According to Politico (which, incidentally, uses the term “unitary executive theory” while clearly not understanding what it means), Dershowitz’s contention is “well outside the mainstream of legal scholars.” The National Law Journal, which is widely read within the legal profession, also has a paywalled piece today entitled, “‘Complete Nonsense’: Scholars Denounce Dershowitz’s Trump Trial Arguments.”
But it is those “scholars” who are, in fact, the ones peddling nonsense. Alan Dershowitz is emphatically correct. A president’s subjective motives and nebulous fusion of political and national interests cannot transform constitutionally lawful conduct, such as a president engaging in a core foreign policy function, into an impeachable offense.
What’s more, a “quid pro quo,” if conducted within the context of a political actor carrying out his constitutional authority, amounts to constitutionally protected free speech. I made this argument in November both here at The Daily Wire and at the New York Post.

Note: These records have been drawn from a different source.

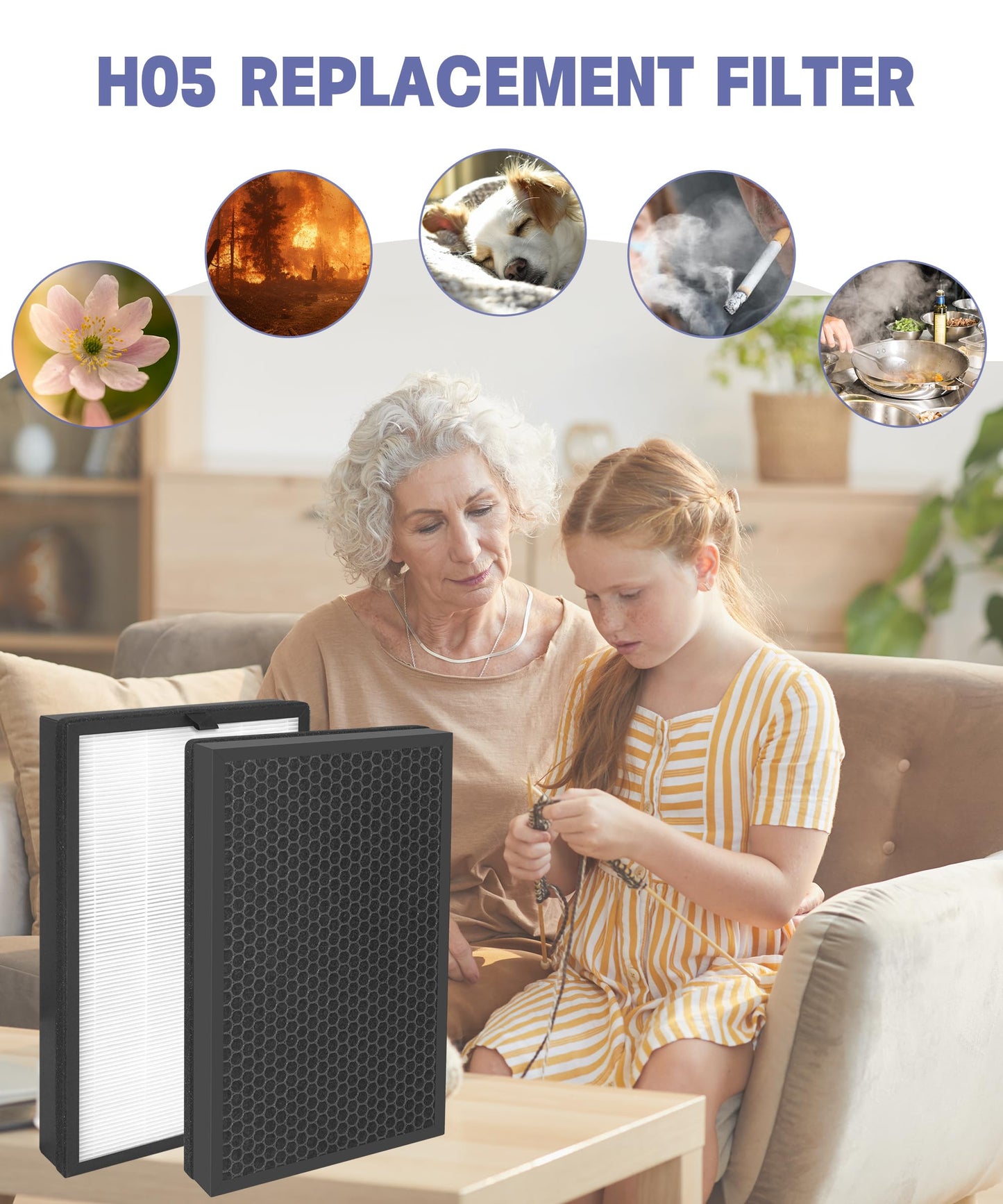 2 Pack H05 Replacement Filter Compatible with HIMOX Air Purifier H05, 3-In-1 H13 HEPA and Activated carbon Filters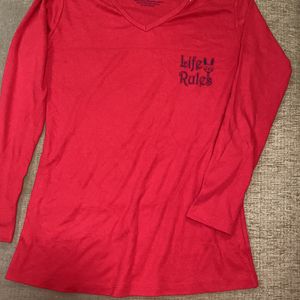 Red Full Hands Top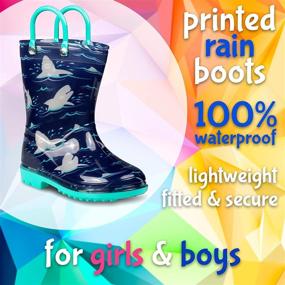 img 1 attached to 🌧️ ZOOGS Boys' Printed Toddler Rain Boots - Kids' Waterproof Footwear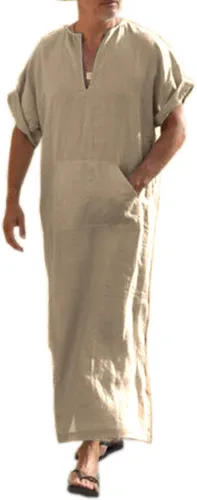 Vista 14 de COOFANDY - Bata de cuello en V de lino para hombre, manga corta, kaftán, thobe, túnica larga, camisa casual para playa, verano 01-Blanco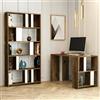 Dmora - Scrivania Mirach, Scrittoio multiuso, Tavolo per ufficio porta PC, Piano di lavoro, 120x60h75 cm, Noce e Bianco
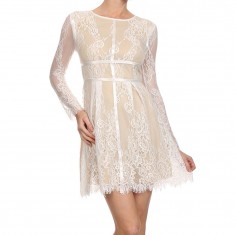 White Lace Skater Dress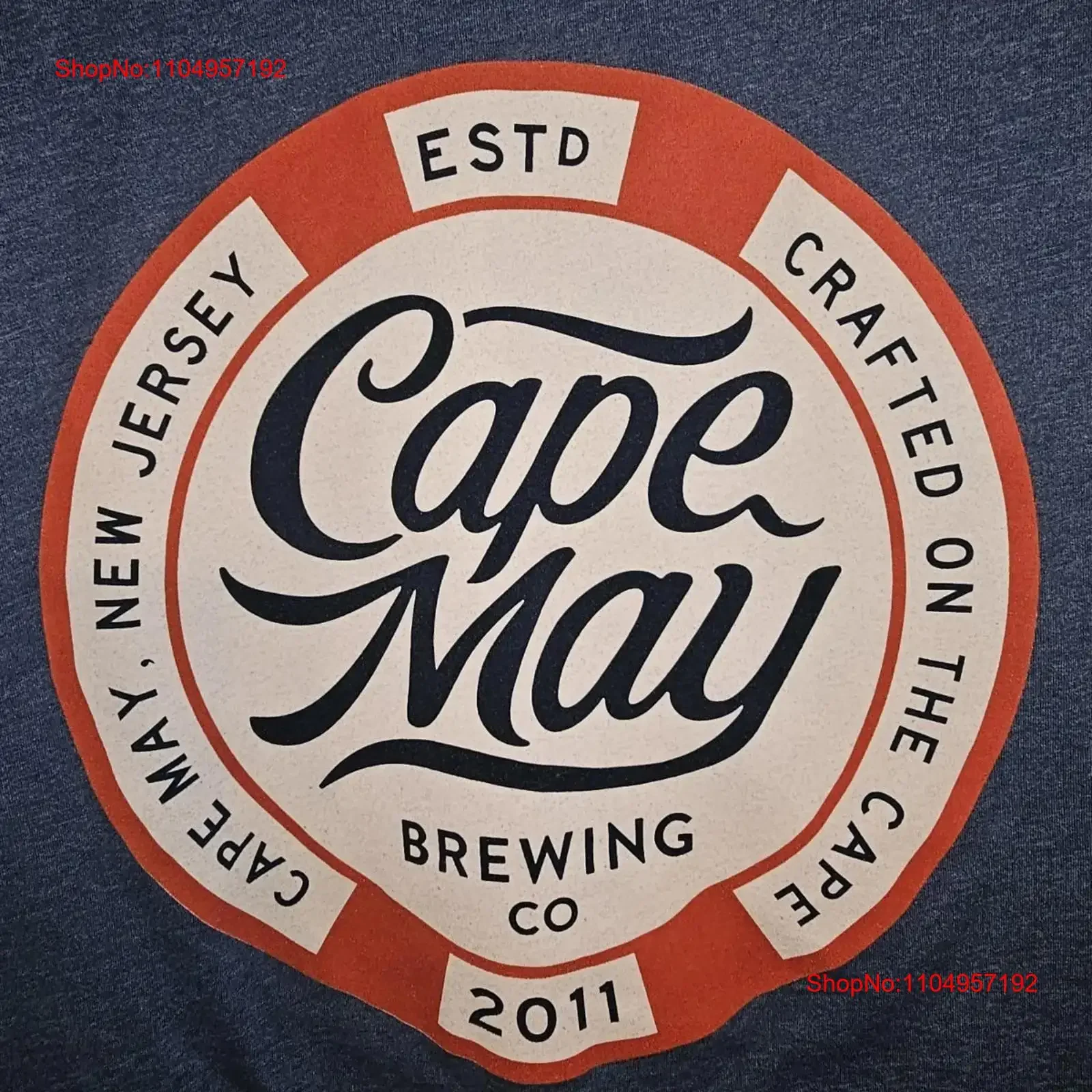 

Cape May Brewing Company Xl Mens Blue Double sided Logo T Shirt vintage Washed Stretched Comfortable Versatile streetwear Soft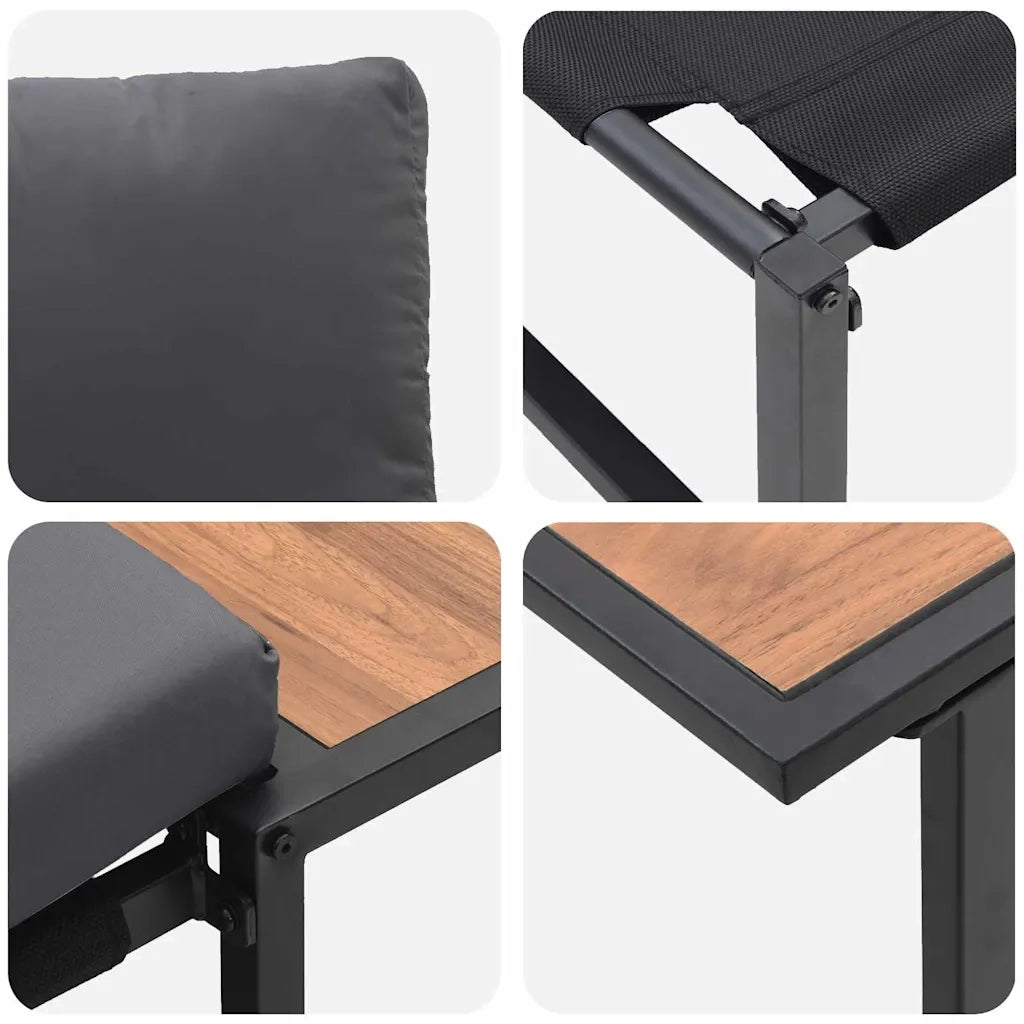 Set da Pranzo per Giardino 3 pcs Antracite Acciaio 3335891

“In 2014, a Texas grand jury indicted then-Gov. Rick Perry for supposedly abusing his official capacity when he threatened to withhold $7.5 million in funding for the Travis County district attorney’s public integrity unit unless the troubled DA resigned her post,” I wrote at the Post. This was clearly a “quid pro quo,” but it was one executed in the context of Gov. Perry exercising his authority clearly vested in him by the Texas Constitution. Therefore, I noted that “an illustrious and ideologically diverse group of legal scholars … argued that the First Amendment protects a governmental official’s right to threaten taking a lawful action to attain a preferred political outcome.” They were vindicated:
The Texas Court of Criminal Appeals, which is the Lone Star State’s highest court for criminal cases, agreed. “Public servants have a First Amendment right to engage in expression, even threats, regarding their official duties,” the court held. “Many threats that … public servants make as part of the normal functioning of government” would be criminalized under the special prosecutor’s legal theory, the court continued.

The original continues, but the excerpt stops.